Stop A War, Share Some Music (part 1)

Posted on August 2, 2008


Author’s note: This post was originally written for the Young Public Servants website.

I’M USUALLY QUITE A SNOB when it comes to the neighbours. I believe in the inherent goodness of humankind, but because I live in a condo located in a not-so-great area in Pasay City, populated by a lot of transients—and because we’ve already experienced a break-in where the only things that were stolen were MY wallet, MY everyday jewelry, and MY cash—I tend to be suspicious of the folks living around me. So when I see our Chinese, Korean, or Middle-eastern neighbours, I hardly acknowledge them. On some really bad days, I pretend they’re not there.
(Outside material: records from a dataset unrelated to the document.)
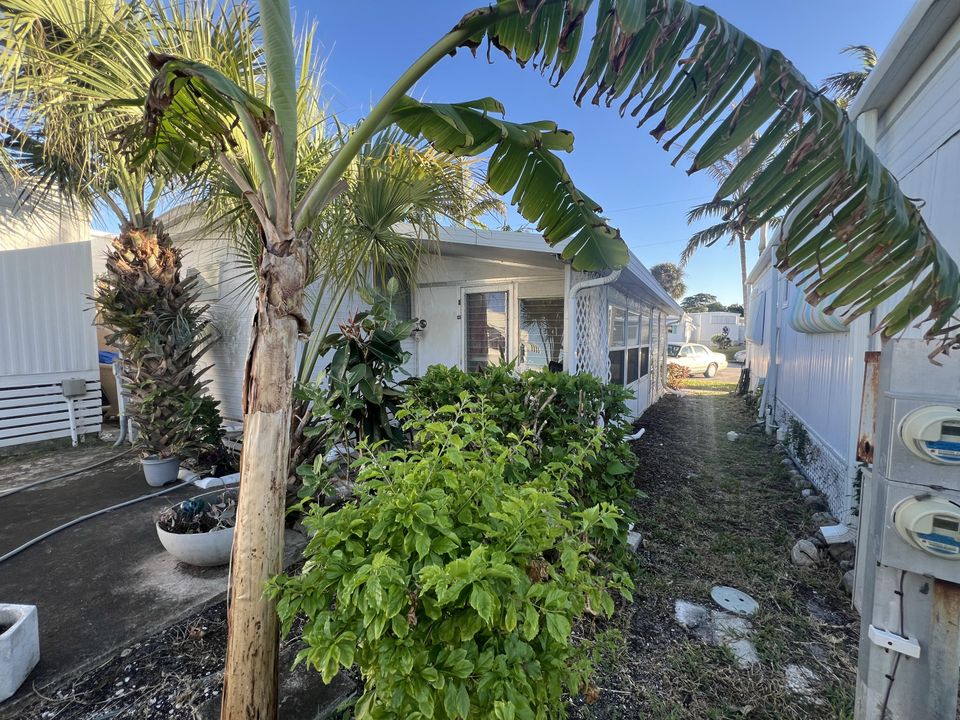 For Rent: $2,850 (1 beds, 1 baths, 396 Square Feet)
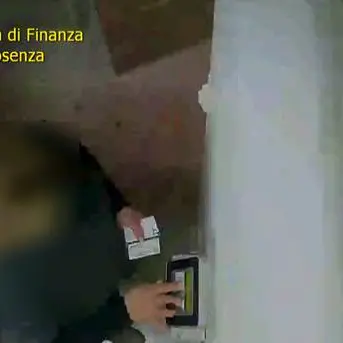 Al bar o con amici anziché lavorare: 20 indagati e 12 misure cautelari nel Cosentino (VIDEO)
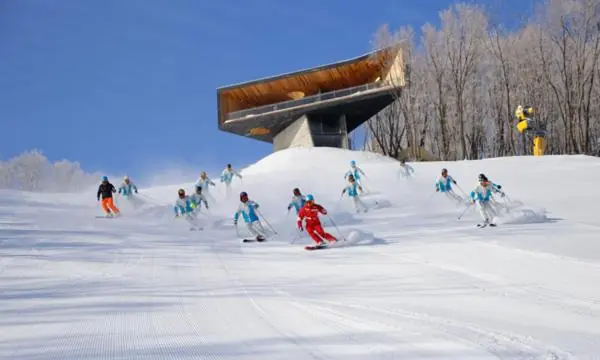 张家口多乐美地滑雪场在哪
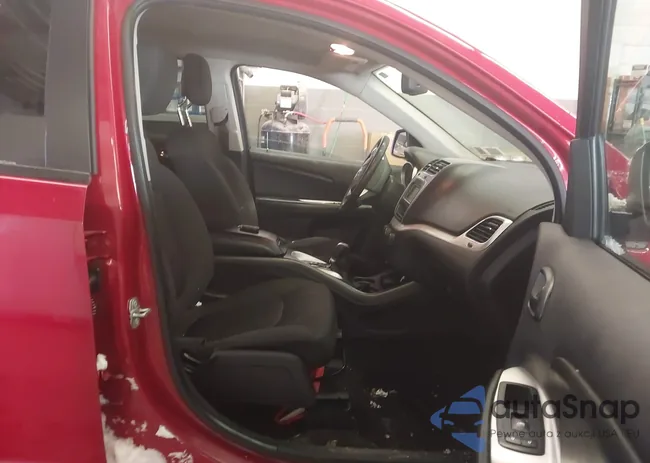 3C4PDCAB7JT533780: 44345540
But all that changed—at least for my Iranian next-door neighbours—the day one of them knocked on our door and handed me a CD labeled “Traditional Persian Music.” As it turns out, my fiancé once brought them a CD of some playlists that he had put together, and they just wanted to return the favour. A fan of Middle Eastern music, I thanked the guy with my sweetest smile and quickly put the CD in the player. I loved the compilation from the first beat. Now I smile at the neighbours every time I meet them in the hallway.

* * *

Fast-forward to my recent life-changing experience covering the Rainforest World Music Festival in Kuching, Sarawak, Malaysian Borneo. It was my first foreign trip as a journalist, my first time in Malaysia, my first world music festival—and I was the ONLY Filipino journalist among around 400 mediafolk from around the world. I wanted to soak in as much of the experience as I possibly could, and I set out to LEARN about other people and their cultures as much as enjoy truly great world music.
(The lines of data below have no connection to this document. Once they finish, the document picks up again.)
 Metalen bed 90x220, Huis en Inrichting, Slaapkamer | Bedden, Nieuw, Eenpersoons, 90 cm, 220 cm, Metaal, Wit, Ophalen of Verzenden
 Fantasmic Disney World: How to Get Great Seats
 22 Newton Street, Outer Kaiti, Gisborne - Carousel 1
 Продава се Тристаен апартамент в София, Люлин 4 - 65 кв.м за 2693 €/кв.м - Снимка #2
Adel Salameh One performer who struck me the most was Adel Salameh. Dubbed by the BBC as “one of the world’s finest oud players,” Adel is a Palestinian national who has been playing and promoting traditional Arab music around the world for over 20 years now. I was taken in by his very solemn, almost monk-like appearance, his deep voice, and his stately composure. During his group’s press conference, he reiterated how important it was for him to bring his music out so that the rest of the world will know what Palestinians are going through right now.

“Palestinians can be artists too, but the whole world thinks we’re all terrorists,” he said emphatically.

That got me. After the press conference, I tried to corner him for an interview.

“When you are under Occupation, everything stops,” he explained. “They will try to snuff out everything about you: your identity, your culture, your right. But we as a people have a right to our own culture—and once people start asking for their rights, you can’t stop that.”

Another journalist in the small circle that had formed around him asked Adel how he got around to play his music in other countries.

“Twenty-two years ago, when I started, it was very difficult. How can you even travel when you don’t have a passport? There was even a time when I was in [a European country] and they wouldn’t give me a visa because I was Palestinian and ‘all Palestinian are terrorists.’ But now things are changing… I’ve been living in the U.K. for fifteen years already, I have a British passport, so I can move around more easily.”

“You cannot become known as a Palestinian artist without fighting for it. You have to fight for it,” he reiterated.

Adel recalled a time in the late ‘90s when he was part of a project that brought children from Palestine and Israel to live together for two weeks in the United Kingdom, where they could play, learn, and experience things together.

“It was very important for us to do this,” he pointed out. “It was a very impressive and emotional experience for all of us, and we saw that the problem wasn’t with the kids—the kids had no hang-ups—it was with the adults. But we wanted to do this so that the future generation will not make the same mistakes we did.”

He continued, “It was very symbolic for all of us; sadly, we could not continue the program because of the situation.”

His experience moved Adel so much that, to this day, he dedicates a lot of his music to women and children.

“They are the ones who are suffering—it’s very emotional [for me] to see children suffering… There is also one piece that I dedicate to all mothers. When there is a war, women lose their sons, their husbands. They are the ones paying for our mistakes.”

At that moment, I felt only profound respect for this man who had to fight for what he wanted to do and what he believed in, and in a manner that brought people together instead of dividing them. I have always been into Middle Eastern music, always been curious about that part of the world, and now that I have met Adel Salameh, I am thankful that I met one Palestinian who has helped to educate me a little bit more about the situation in Palestine and what life was like for them.

And of all things said in that interview, what struck me the most was the fact that, in spite of what he and his countrymen were going through in the midst of “Occupation” (he hardly used the word “war”), Adel NEVER uttered a single derogatory remark about his Israeli neighbours.

That puts me and my sometimes-racist side to deep, deep shame.